Protect the reasoning engine with Model Armor and IAM to manage agent access and ensure that sensitive data remains protected during execution. This is the lab that separates production-ready Google Cloud AI agents from demos.
👉 Start the secure agents codelab- https://goo.gle/42xTru5
6. Ground AI Agents with Google Maps Platform
Location context makes agents dramatically more useful for logistics, delivery, field operations, and any geography-dependent workflow.
Use geo-intelligent logistics to ground your agents in real-world location data to optimize field operations in real-time. It’s a concrete example of how Google Cloud AI tools extend beyond text into the physical world.
👉 Start the Google Maps grounding codelab-https://goo.gle/4e7OU90
7. Deploy and Scale Agents on Agent Engine
Building an agent locally is step one. Getting it to production — reliably, at scale — is the real challenge.
Agent Engine is Google Cloud’s managed runtime for deploying AI agents as containerized microservices that scale dynamically with your workload. This codelab takes you from a working agent to a deployed, auto-scaling service — the definitive guide to how Google Cloud AI agents move from prototype to production.
👉 Start the Agent Engine deployment codelab–https://goo.gle/4sUbVQw

8. The Ultimate Guide to Cloud Run: From Zero to Production
Not every agent needs Agent Engine. For custom containerized workloads, Cloud Run is the fastest path from local code to a live, scalable endpoint.
Use this lab as a blueprint for moving from a local prototype to a production-ready, auto-scaling platform on Cloud Run. If you want to know how to build AI agents for free (or near-free), Cloud Run’s generous free tier makes it the most cost-effective option for early-stage projects.

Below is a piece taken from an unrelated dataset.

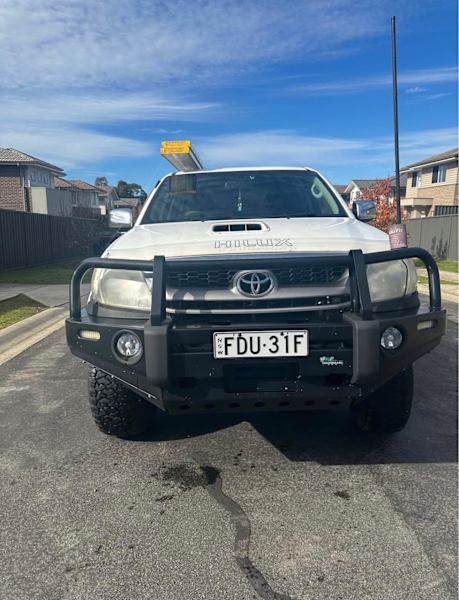 Toyota Hilux  2010 dual cab 62934700143363111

👉 Start the Cloud Run zero-to-production codelab-https://goo.gle/48n006f
9. Developer Keynote: Building Agents with Skills
This session goes deeper into the architecture of production AI agents — covering the Agent Development Kit (ADK), prompting, Agent Skill usage, and MCP.

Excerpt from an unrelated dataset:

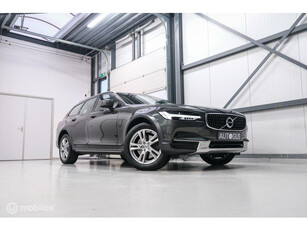 Volvo V90 Cross Country 2.0 T5 AWD 254 pk | Pine Grey | NL auto NAP | 1e eigenaar | Camera | LED | Dealer OH |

Learn the ins and outs of AI agent development, including how prompting, tool use, and multi-step reasoning work together in a real system. Essential context before you deploy anything serious on the Google Cloud AI platform
👉 Watch the Developer Keynote: Building Agents with Skills- https://goo.gle/4tsqZFV
10. General Keynote: Forecasting with AI Agents
The final lab demonstrates how AI agents can transform unstructured chaos into actionable business intelligence in seconds.
This is where Google Cloud AI solutions meet real business value: not just answering questions, but predicting outcomes. A strong example of what’s possible when you combine Gemini models with BigQuery ML on GCP.
👉 Watch the General Keynote: Forecasting with AI Agents- https://goo.gle/4sWn5nP
Why Build AI Agents on Google Cloud?
These codelabs aren’t just tutorials they reflect how Google Cloud AI services are actually being used in production across industries.
The Google Cloud AI platform (Vertex AI) gives you:
– Access to Gemini — Google’s most capable AI model family
– Agent Builder for no-code agent creation
– Agent Engine for managed, scalable deployment
– Native integrations with BigQuery, Spanner, Maps, and Cloud Run
– Enterprise security, compliance, and observability built in
Whether you’re exploring Google Cloud AI training to upskill, building a product, or pursuing cloud AI jobs ,these labs give you the hands-on experience that matters.